Saturday, January 19, 2013

Review: How to Deceive a Duke by Lecia Cornwall


When Meg's sister elopes a week before her wedding to the Duke of Temberlay, desperate Meg is left with no choice but to take her sister's place. With her family destitute and with everything but the roof above their heads sold off, Meg needs the Temberlay fortunes and connections to ensure that her mother and younger sisters have a secure future.

Nicholas Hartley has never met his betrothed and hadn't expected her to be beautiful -- but, the moment after they exchanged their vows, the moment she lifted her veil, he couldn't help but be spellbound by the woman he had married.

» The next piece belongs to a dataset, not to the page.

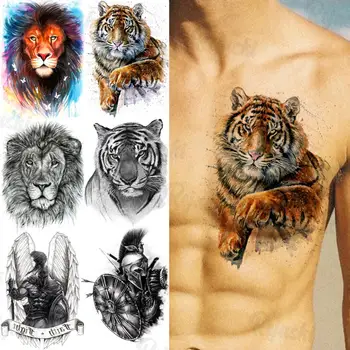 Mare Acuarelă Tigru Tatuaje Temporare Pentru Bărbați Adulți Aripi De Înger Cavalerul Leu Colorat Fals Autocolante Tatuaj Piept Brațul Tatuaje 12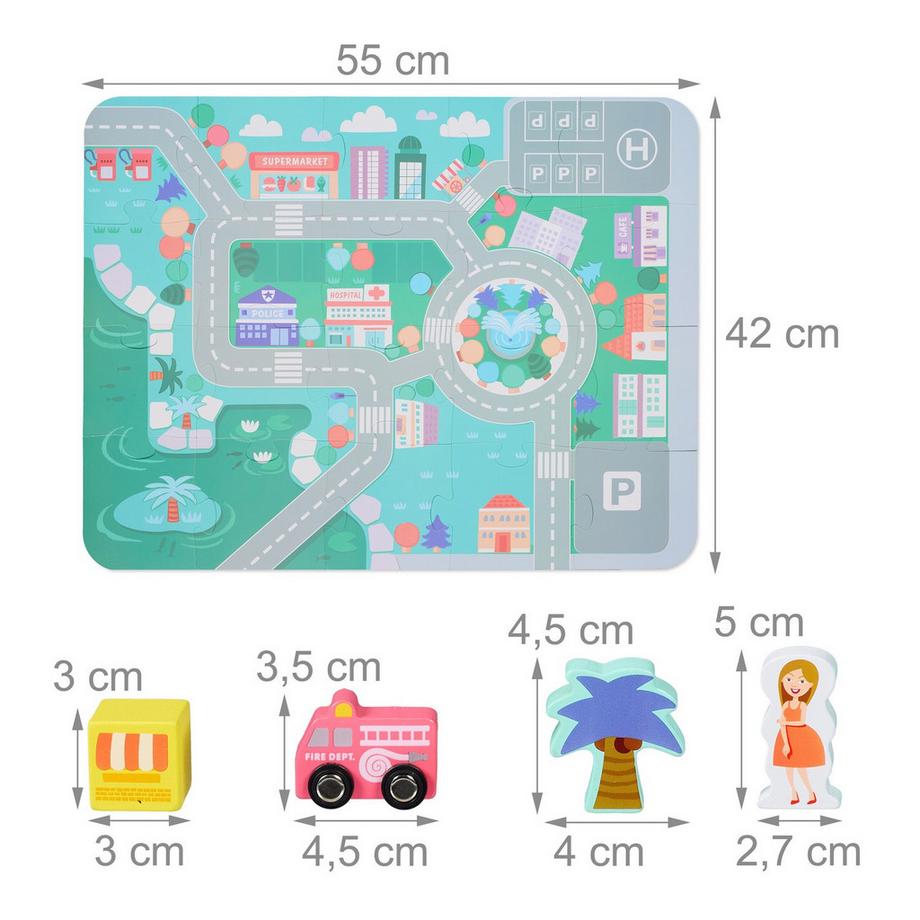 Northix  Set di blocchi di legno per costruzioni City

He braced himself and lifted the veil.

He stared down at her. She wan't hideous.

She was beautiful.

He met wide eyes that held a kaleidoscope of color, gold, brown, and green, set in a lush fringe of copper-tipped lashes. Her features were delicate, perfectly formed, her nose dusted with faint freckles that suggested she spent time outdoors and didn't always wear a bonnet or carry a parasol. Under his scrutiny, she blushed.
- p. 61

And after the second kiss (the first one was a bit of a disaster), Nick finds himself captivated.

Imagine how he felt when he discovers he had married the wrong sister -- but Meg doesn't feel wrong to Nick. She's intelligent, capable, curious and an equal match for his passion. Nick is a duke and was in the military -- so he's used to getting his own way. But Meg isn't the shy, retiring, complacent woman her father raised her to be. She's independent and strong-willed. There is instant chemistry between them and it's so obvious and so exciting -- even when they are arguing, one could feel that spark.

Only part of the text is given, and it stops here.